As consumer preferences change, and pressure from competitors increases, industrial bakeries need equipment which meets expectations in terms of industrial performance and product quality requirements dictated by end consumers.
With a new divider, the line industrialist MECATHERM is providing industrial bakeries with a solution for improving the quality of their production of baguettes and baguette-related items.
HELP BAKERS TO ACHIEVE ACCURATE DOUGH PIECES AT HIGH-SPEEDS
A unique shingling station aims to produce a formed, continuous and thick dough band. Slow movements without mechanical destroying action keep the dough structure and preserve the gluten network.
Moreover, the dough band is cut by an ultrasound mobile guillotine allowing an accurate and clean cutting point without dough compression.
These two technical features of the M-NS divider contribute to obtain accurate in weight and shape dough pieces at high-speeds.

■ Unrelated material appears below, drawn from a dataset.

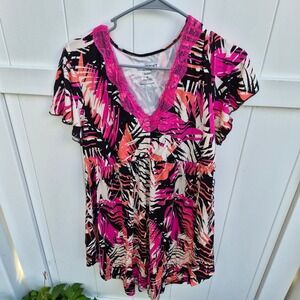 Torrid Super Soft Sleep Pink Tropical Palm Lace Trim Nightgown Chemise Size 0 L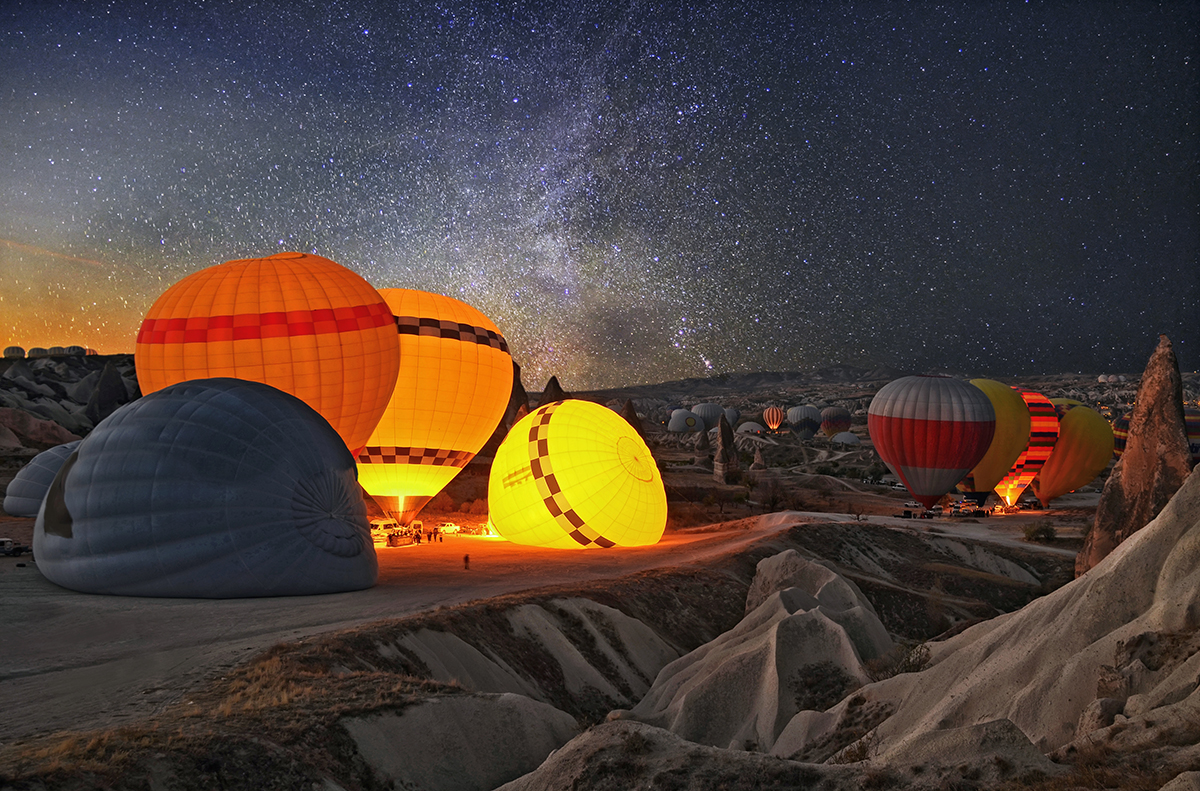 Hot-air ballooning over Cappadocia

BALANCE MEETING THROUGHPUT GOALS BUT STILL MAINTAINING CONSISTENT PIECE WEIGHTS
A combination of :
- Consistent dough density before cutting
- Accurate dough profile acquisition
- Sharp and Accurate cutting cinematic
The M-NS divider monitors in real time the dough density to reduce weight fluctuation throughout the process. Even when dough density changes, the set weight is preserved.
The divider can eject any dough piece that is non-conforming to the set tolerance. These pieces can be recycled for no product loss.
HANDLE DOUGHS OF VARYING ABSORPTION RATES
Specific way of handling the dough to shape a continuous band with no stretching or tearing: whatever the dough absorption rate, the density will be preserved. The M-NS will calculate the density and adapt the settings automatically.
OPERATIONALS STRATEGIES OUTSIDE OF EQUIPMENT TECHNOLOGY
According to the kind of recipe and process that are used to get the desired product quality, mixers will need to be adapted to the targeted dough quality and consistency. The divider allows to handle different type of dough to produce a wider range of moulded products.
The new MECATHERM divider can be installed in any production line in place of a volumetric divider or laminating divider. MECATHERM is therefore able to provide a turnkey solution to customers wishing to upgrade their production tool to shift production towards traditional baguettes.